::: DATA FOR PROCESSING :::

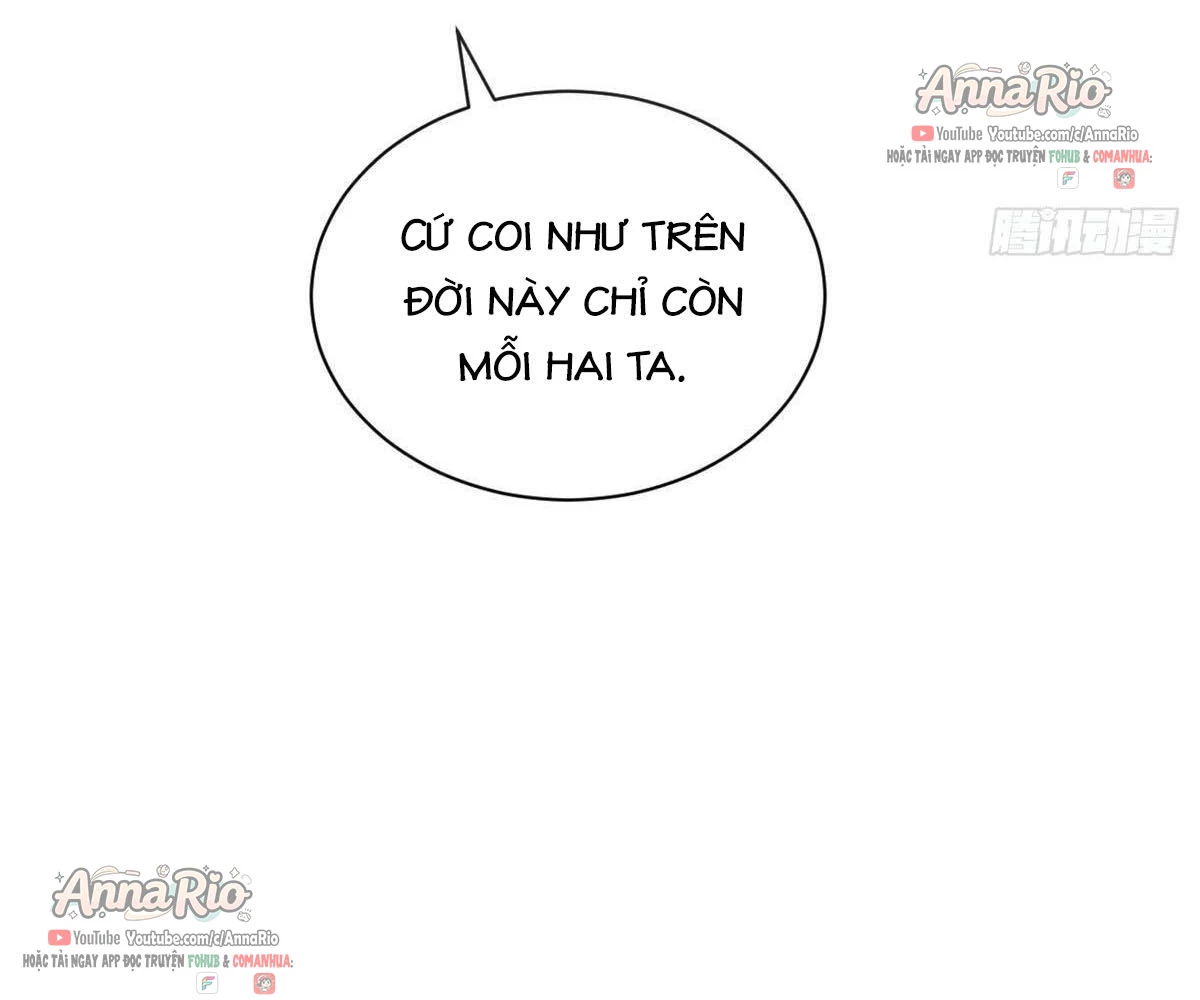 Thảnh Thơi Thú Thế Chủng Chủng Điền, Sinh Sinh Tể - Update Chapter 816 - 24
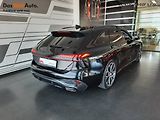 Audi A6 (2025) Avant 3.0 TFSI quattro (270kW/ - náhled 1
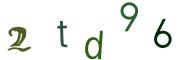 Imagine CAPTCHA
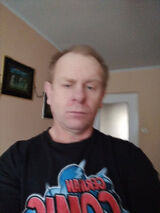 Zdjęcie użytkownika u4359724795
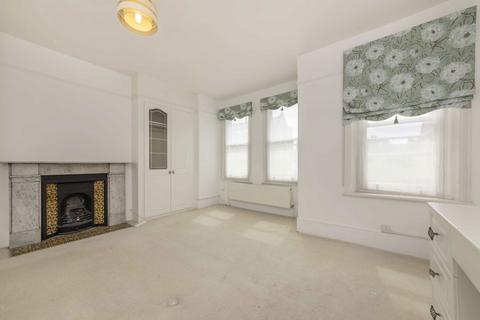 4 bedroom house for sale, Tytherton Road, London N19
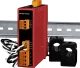 PM-3112-240P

:::

→ THE PROBLEM
Write out all the entries exactly, except for the pictures.

→ SOLUTION FOR THIS PROBLEM
 Thảnh Thơi Thú Thế Chủng Chủng Điền, Sinh Sinh Tể - Update Chapter 816 - 24
 Audi A6 (2025) Avant 3.0 TFSI quattro (270kW/ - náhled 1
 Imagine CAPTCHA
 Zdjęcie użytkownika u4359724795
 4 bedroom house for sale, Tytherton Road, London N19
 PM-3112-240P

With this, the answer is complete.